Briefly describe the work you do.
I mainly paint on big size canvases using acrylic and charcoal. In my paintings, I usually collect all kind of forms and arrange them in psychologically familiar shapes, adding a unique background. I am always looking for the perpetual movement that lies behind fixed scenes. Because of this, I also work on animation in video art and on illustration.
Tell us about your background and how that has had an influence on your work and on you as an artist.
I was born and lived in Saudi Arabia until I was 18. The quietness, the loneliness, the stillness and the greatness of the space, especially the desert, opened a new dimension within my imagination. Moving to Aleppo for my studies in Fine Arts was a whole different experience: There I met many artists and professors with whom I used to work. It was an intense period of time, during which many artistic thoughts and projects were shared amongst passionate people. Now, as art became my identity and that all aspects of my life are deeply connected to it, everything around me has an influence on the work I do.
The concept of the artist studio has a broad range of meanings in contemporary practice. Artists may spend much of their time in the actual studio, or they may spend very little time in it. Tell us about your individual studio practice and how it differs from or is the same as traditional notions of “being in the studio.”
Since I started painting, I have managed to create a work space in the places I have lived, and it has always been in the living room. My studio is also the area where I welcome friends, play music, organize dinners and jam sessions,… I don’t dissociate my work from my life much and this multipurpose space aims on influencing each other on a human and artistic level.
What roles do you find yourself playing that you may not have envisioned yourself in when you first started making art?
I am currently not playing any other roles other than being a full time artist.
When do you find is the best time to make art? Do you set aside a specific time everyday or do you have to work whenever time allows?
I don’t have any fixed time for working. However, I try to do it everyday. Sometimes I enjoy waking up very early in the morning in order to work along with the sunrise, and other times I can stay up until very late: It really depends on my mood and on my inspiration.
How has your work changed in the past five years?

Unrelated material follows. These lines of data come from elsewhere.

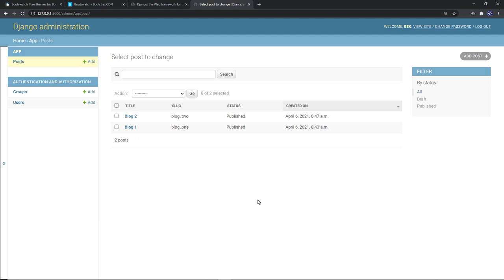Everything is working perfectly. You can create blog posts and display them on your website as shown at the beginning of the video. The website is dedicated only to displaying articles to your audience. You as the admin have authorization to create, edit, and delete articles, while the reading feature is accessible to everyone else visiting the website. Let's go ahead and build the views.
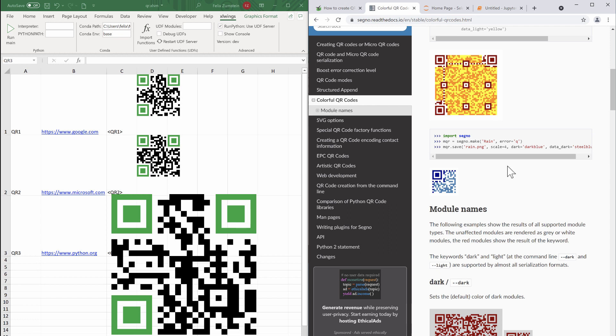So that's the tutorial for today. Hope you like it, and I hope it makes the creation of QR codes in Excel for you a little bit easier. Please give it a thumbs up and subscribe to the channel if Python and Excel are topics that are of interest to you, and I'm looking forward to seeing you in the next tutorial.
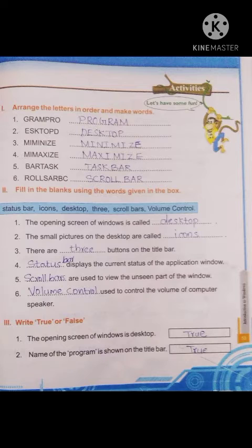Second section: fill in the blanks using the words given in the box. Choose the correct word from the box and fill in the blanks. First question: the opening screen of windows is called dash. The opening screen of windows — desktop. The opening screen of windows is called desktop.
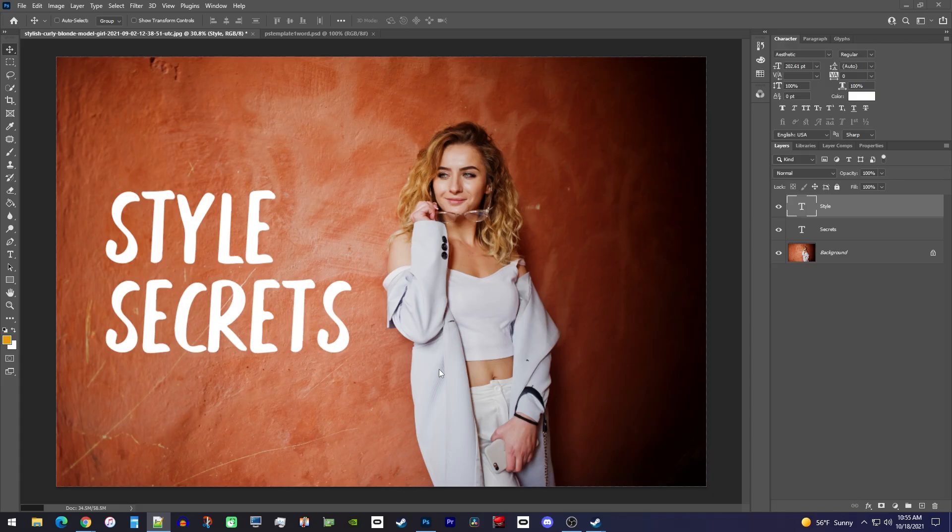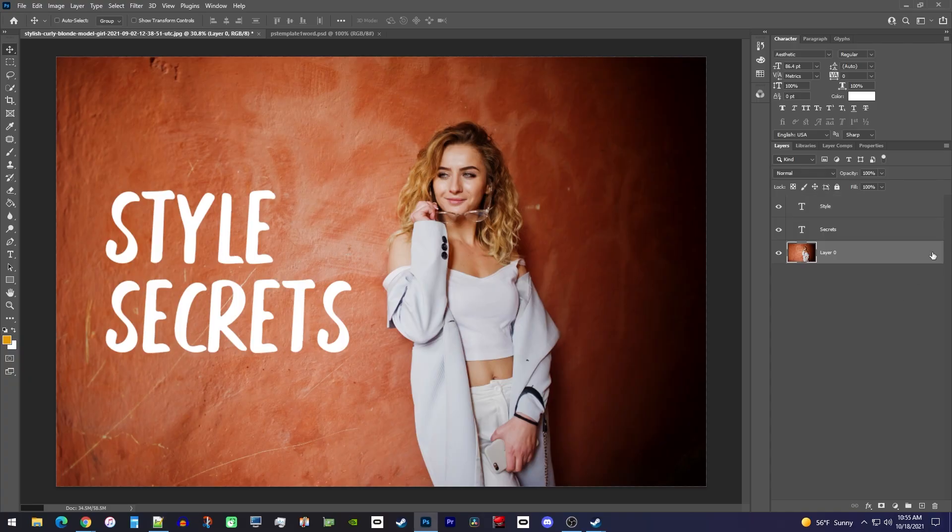To get started, I have a simple project open that has a couple text layers and a background image layer. If your background image layer is locked like mine, first you'll need to click the lock to unlock it.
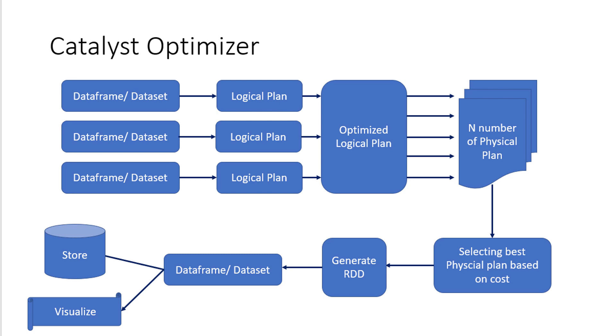Then it will be creating n number of physical plans based on the cost, what's the network cost involved and how much amount of data needs to be transferred. It will look for the plan where the data going to get transferred to the minimal as well as going to consume the resources to the minimal. And based on that, it's going to create the plan which will generate the resultant RDD.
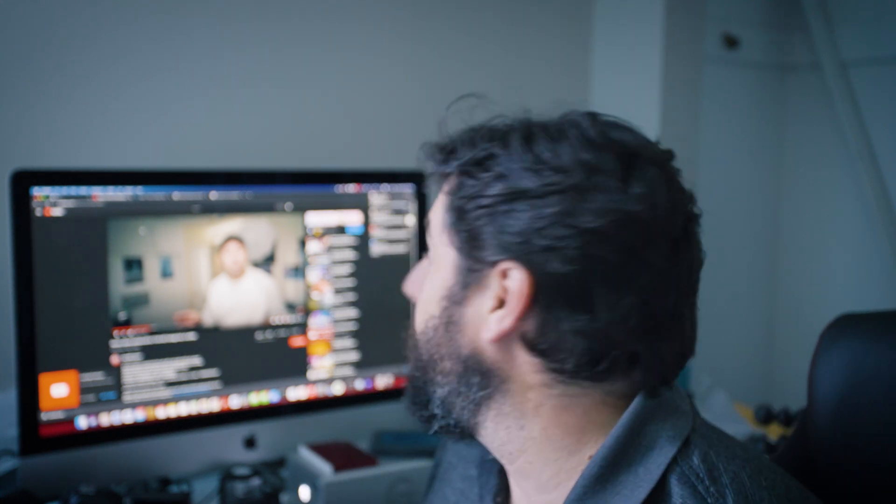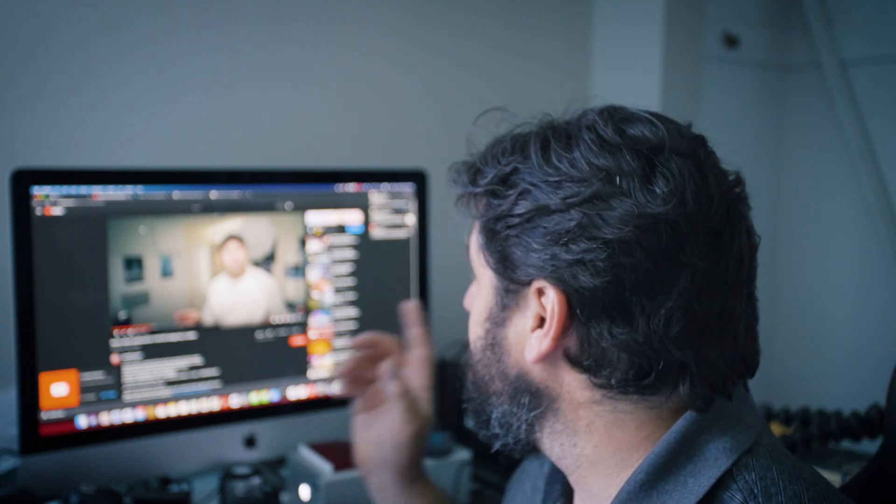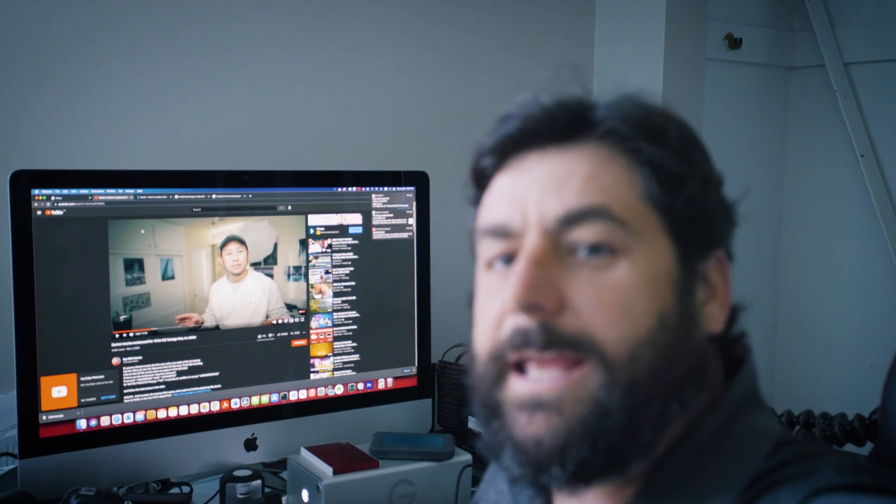Hi there, my name is Rick. This is a quick video to show you that if you're trying to import 4:2:2 10-bit footage into DaVinci Resolve — say you're using a Sony A7S3 or any of the other cameras capable of that — it doesn't work right out of the box.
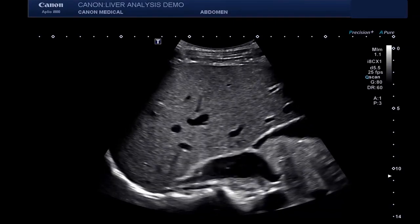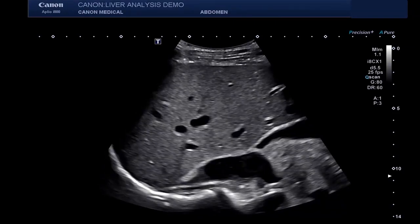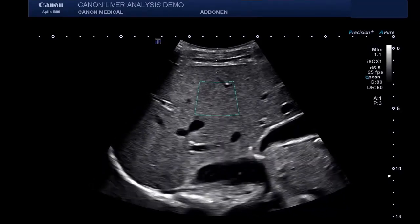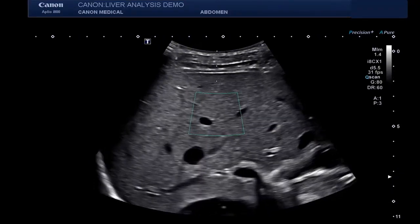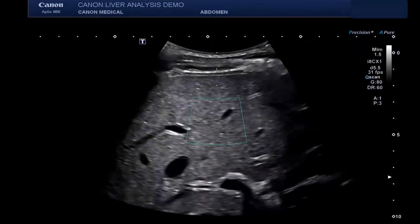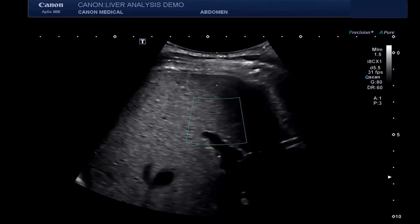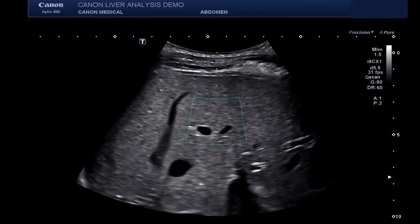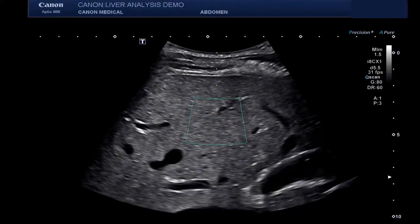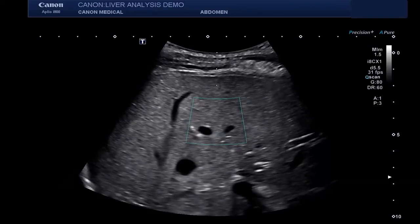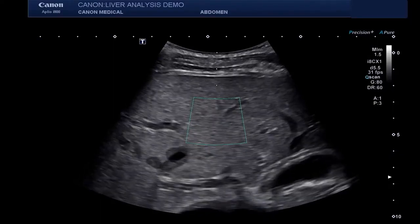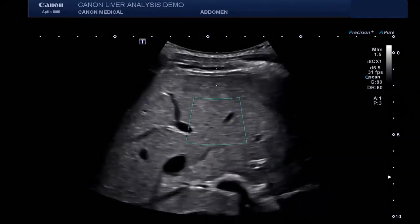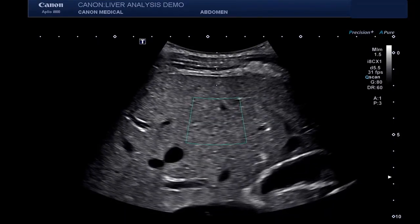Let's start with liver shear wave. To begin, the patient should be placed in a supine or slight left lateral decubitus position with the right arm reached over the head. We'll be scanning the right lobe of the liver in an intercostal acoustic window, taking care to avoid shadow artifacts and large vessels in the portal trunk.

How is it the same?
There has been a big difference. Before, when I was a student, I would experiment different artistic movements and techniques in order to find myself. But art cannot be limited to these ideas, and now, after a few years, I can say that I reached some kind of artistic identity to which I feel close. I know what I do and why I do it.
How have people such as family, friends, writers, philosophers, other artists or even pop icons had an impact on the work you do?

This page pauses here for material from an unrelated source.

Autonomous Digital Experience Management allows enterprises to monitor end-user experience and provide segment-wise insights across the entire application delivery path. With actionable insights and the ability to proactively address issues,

Philosophers, artists and my family have an influence on the work I do. But if I knew exactly from where my inspiration came from, I would keep it with me all the time and would not stop making art! However, this thing is moving around me quickly and I try to catch it as often as possible.
Have you ever been pulled in the direction of a pursuit other than being an artist? What are your other interests?
I recall always wanting to be an artist. However, if I hadn’t been an artist, I would probably be a craftsman or a joiner. Other than that, I enjoy playing some music, singing, cooking pasta with yoghourt and garlic, keeping my cat Shayboob company and fixing things in my flat/studio.
Mohammad Zaza, Syrian artist, was born in Riyadh in 1987. Growing up in an artistic family, he started drawing and painting at an early age. After completing high school in Saudi Arabia, he moved to Syria in 2006 to study at the faculty of Fine Arts in Aleppo University. He held his first solo exhibition in 2008 and, after his graduation in 2010, was appointed as a painting teacher assistant at the University until 2012. Besides painting on big size canvases mainly, he also works on illustrations and animations.
In his artworks, Mohammad Zaza focuses on the movement that lies behind fixed scenes, enhancing the subject in order to open new scopes of reality. Because his paintings aspire to work as a window to another dimension of life, his shapes emphasize the unity of the source of thoughts, allowing the viewer to apprehend with him the Origins.